Preferred additives in the organic vehicle are those additives which are distinct from the aforementioned vehicle components and which contribute to favorable properties of the electroconductive paste, such as advantageous viscosity and adhesion to the underlying substrate. Additives known in the art, and which are considered to be suitable in the context of the invention, may be employed as an additive in the organic vehicle. Preferred additives according to the invention are thixotropic agents, viscosity regulators, stabilizing agents, inorganic additives, thickeners, emulsifiers, dispersants or pH regulators. Preferred thixotropic agents in this context are carboxylic acid derivatives, preferably fatty acid derivatives or combinations thereof. Preferred fatty acid derivatives are C9H19COOH (capric acid), C11H23COOH (Lauric acid), C13H27COOH (myristic acid) C15H31COOH (palmitic acid), C17H35COOH (stearic acid) C18H34O2 (oleic acid), C18H32O2 (linoleic acid) or combinations thereof. A preferred combination comprising fatty acids in this context is castor oil.
In one embodiment, the organic vehicle is present in the electroconductive paste in an amount of at least about 1 wt %, preferably at least about 5 wt % organic vehicle. At the same time, the paste comprises not more than about 20 wt %, preferably not more than about 15 wt % organic vehicle, based upon 100% total weight of the paste.
Preferred additives in the context of the invention are components added to the electroconductive paste, in addition to the other components explicitly mentioned, which contribute to increased performance of the electroconductive paste, of the electrodes produced thereof, or of the resulting solar cell. All additives known in the art, and which are considered suitable in the context of the invention, may be employed as additives in the electroconductive paste. In addition to additives present in the glass frit and in the vehicle, additives can also be present in the electroconductive paste. Preferred additives according to the invention include thixotropic agents, viscosity regulators, emulsifiers, stabilizing agents or pH regulators, inorganic additives, thickeners and dispersants, or a combination of at least two thereof. Preferred inorganic organometallic additives in this context according to the invention are Mg, Ni, Te, W, Zn, Mg, Gd, Ce, Zr, Ti, Mn, Sn, Ru, Co, Fe, Cu and Cr or a combination of at least two thereof, preferably Zn, Sb, Mn, Ni, W, Te and Ru, or a combination of at least two thereof, oxides thereof, compounds which can generate those metal oxides on firing, or a mixture of at least two of the aforementioned metals, a mixture of at least two of the aforementioned oxides, a mixture of at least two of the aforementioned compounds which can generate those metal oxides on firing, or mixtures of two or more of any of the above mentioned.

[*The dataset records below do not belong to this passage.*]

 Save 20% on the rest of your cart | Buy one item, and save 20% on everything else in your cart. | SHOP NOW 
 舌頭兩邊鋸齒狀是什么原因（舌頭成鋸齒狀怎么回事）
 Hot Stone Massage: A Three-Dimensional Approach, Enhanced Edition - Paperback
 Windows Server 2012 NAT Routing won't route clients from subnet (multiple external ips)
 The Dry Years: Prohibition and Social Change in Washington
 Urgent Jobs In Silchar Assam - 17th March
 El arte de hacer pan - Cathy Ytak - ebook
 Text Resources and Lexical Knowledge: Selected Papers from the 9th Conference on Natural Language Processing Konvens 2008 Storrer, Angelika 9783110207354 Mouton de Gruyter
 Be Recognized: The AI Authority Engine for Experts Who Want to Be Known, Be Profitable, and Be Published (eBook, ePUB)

According to one embodiment, an additive or additives are present in the paste composition in an amount of at least about 0.1 wt %. At the same time, the additive or additives are present in the paste composition in an amount of not more than about 10 wt %, preferably not more than about 5 wt %, and more preferably not more than about 2 wt %, based upon 100% total weight of the paste.

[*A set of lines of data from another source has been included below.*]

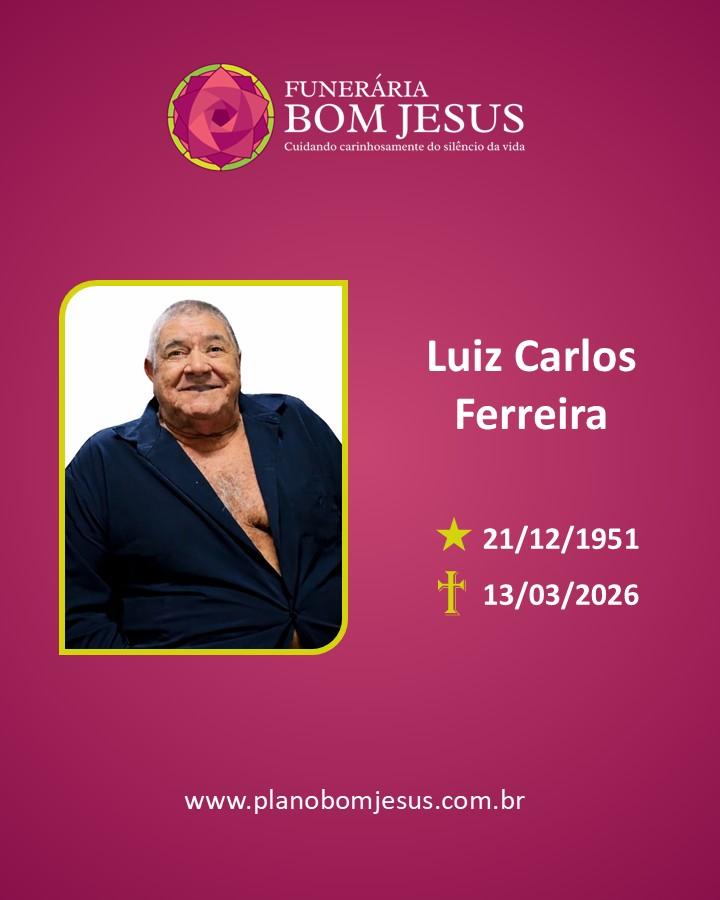 A Funerária Bom Jesus comunica o falecimento do Sr. LUIZ CARLOS FERREIRA 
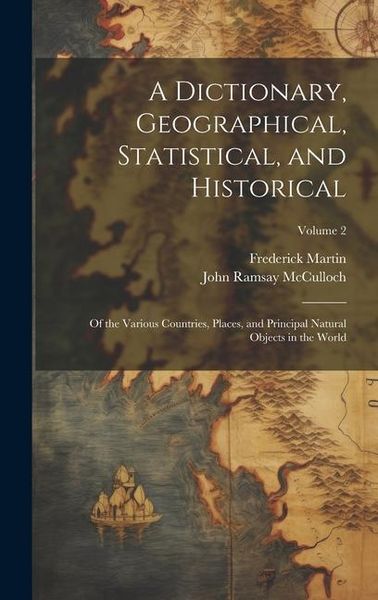 Produktbild: A Dictionary, Geographical, Statistical, and Historical: Of the Various Countries, Places, and Principal Natural Objects in the World; Volume 2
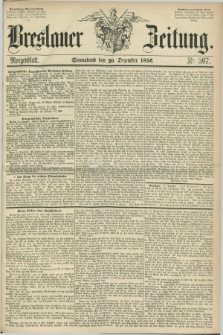 Breslauer Zeitung. 1856, Nr. 597 (20 Dezember) - Morgenblatt + dod.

To form an electroconductive composition, the coated conductive metallic particles are combined with an organic vehicle using any method known in the art for preparing an electroconductive composition. In another embodiment, the coated conductive metallic particles are combined with an organic vehicle and a glass frit using any method known in the art for preparing an electroconductive composition.
The method of preparation is not critical, as long as it results in a homogenously dispersed paste. The components can be mixed, such as with a mixer, then passed through a three roll mill, for example, to make a dispersed uniform paste.
The coated metallic particles may be extracted from the electroconductive paste composition for analysis using any methods known in the art.
The electroconductive composition may be applied to at least one surface of a substrate. In one embodiment, once applied to a substrate, the electroconductive composition may be subjected to one or more thermal treatment steps (e.g., drying, curing, firing, and any combination thereof), one or more light curing steps, or both. In one embodiment, the thermal treatment steps may be conducted at a temperature of from about 20° C. to about 1,000° C. Such steps are useful in forming an electric device such as those described herein.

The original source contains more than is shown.